Directions: Ignoring every picture, return the lines of the listing below word for word, from the line that holds "Hello everybody, welcome" through the line that holds "So how to select".

Supplied records:
——

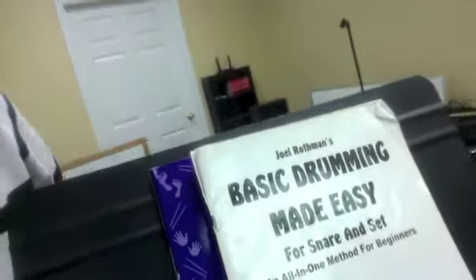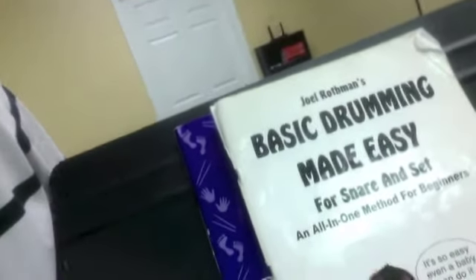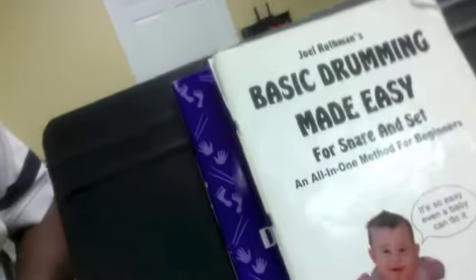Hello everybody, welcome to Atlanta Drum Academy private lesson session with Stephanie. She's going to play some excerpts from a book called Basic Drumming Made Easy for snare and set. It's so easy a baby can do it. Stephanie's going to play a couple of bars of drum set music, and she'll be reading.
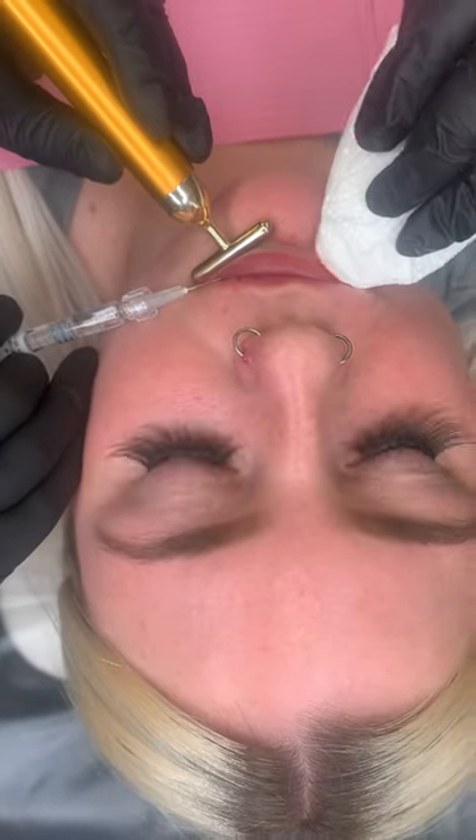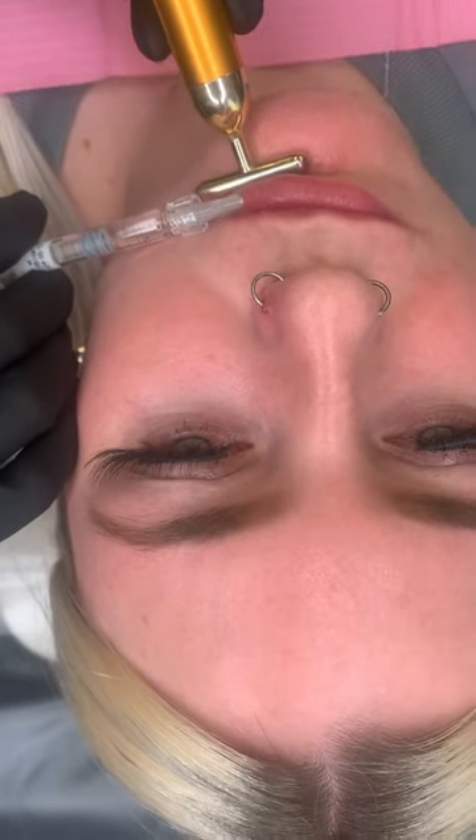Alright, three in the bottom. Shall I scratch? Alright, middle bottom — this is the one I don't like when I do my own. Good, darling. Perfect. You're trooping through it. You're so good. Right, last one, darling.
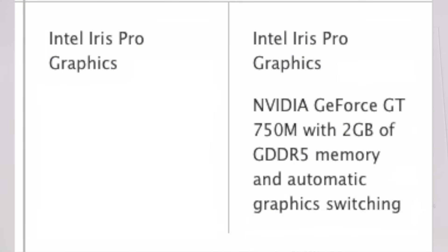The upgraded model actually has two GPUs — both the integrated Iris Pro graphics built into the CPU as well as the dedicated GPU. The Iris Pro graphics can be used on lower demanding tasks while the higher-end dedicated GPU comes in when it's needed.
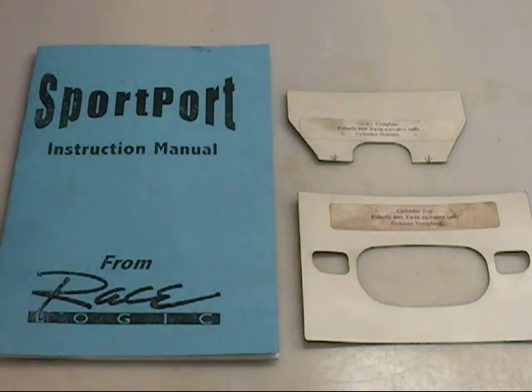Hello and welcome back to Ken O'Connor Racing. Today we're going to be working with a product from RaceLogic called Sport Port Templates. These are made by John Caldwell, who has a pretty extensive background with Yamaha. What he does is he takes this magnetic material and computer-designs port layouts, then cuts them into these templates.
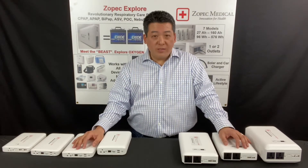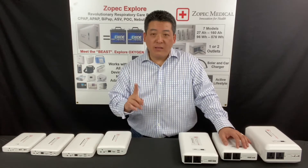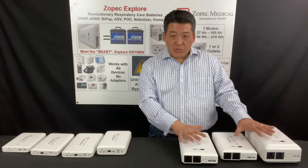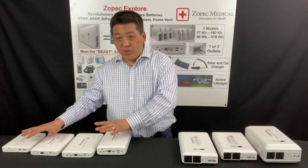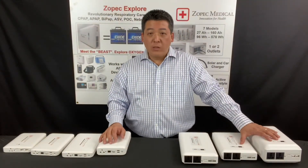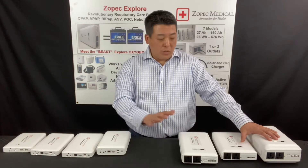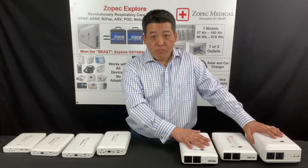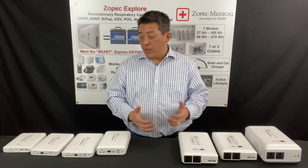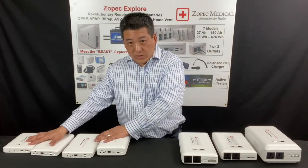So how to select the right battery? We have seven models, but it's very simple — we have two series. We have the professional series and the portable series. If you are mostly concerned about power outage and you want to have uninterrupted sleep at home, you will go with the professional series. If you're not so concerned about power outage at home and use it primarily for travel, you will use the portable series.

——

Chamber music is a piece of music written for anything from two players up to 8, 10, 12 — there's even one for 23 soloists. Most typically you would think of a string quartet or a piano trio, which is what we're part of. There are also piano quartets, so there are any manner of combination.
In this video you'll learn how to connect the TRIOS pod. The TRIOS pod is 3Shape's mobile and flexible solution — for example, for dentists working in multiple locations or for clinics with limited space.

——

Output of the task:
Hello everybody, welcome to Atlanta Drum Academy private lesson session with Stephanie. She's going to play some excerpts from a book called Basic Drumming Made Easy for snare and set. It's so easy a baby can do it. Stephanie's going to play a couple of bars of drum set music, and she'll be reading.
Alright, three in the bottom. Shall I scratch? Alright, middle bottom — this is the one I don't like when I do my own. Good, darling. Perfect. You're trooping through it. You're so good. Right, last one, darling.
The upgraded model actually has two GPUs — both the integrated Iris Pro graphics built into the CPU as well as the dedicated GPU. The Iris Pro graphics can be used on lower demanding tasks while the higher-end dedicated GPU comes in when it's needed.
Hello and welcome back to Ken O'Connor Racing. Today we're going to be working with a product from RaceLogic called Sport Port Templates. These are made by John Caldwell, who has a pretty extensive background with Yamaha. What he does is he takes this magnetic material and computer-designs port layouts, then cuts them into these templates.
So how to select the right battery? We have seven models, but it's very simple — we have two series. We have the professional series and the portable series. If you are mostly concerned about power outage and you want to have uninterrupted sleep at home, you will go with the professional series. If you're not so concerned about power outage at home and use it primarily for travel, you will use the portable series.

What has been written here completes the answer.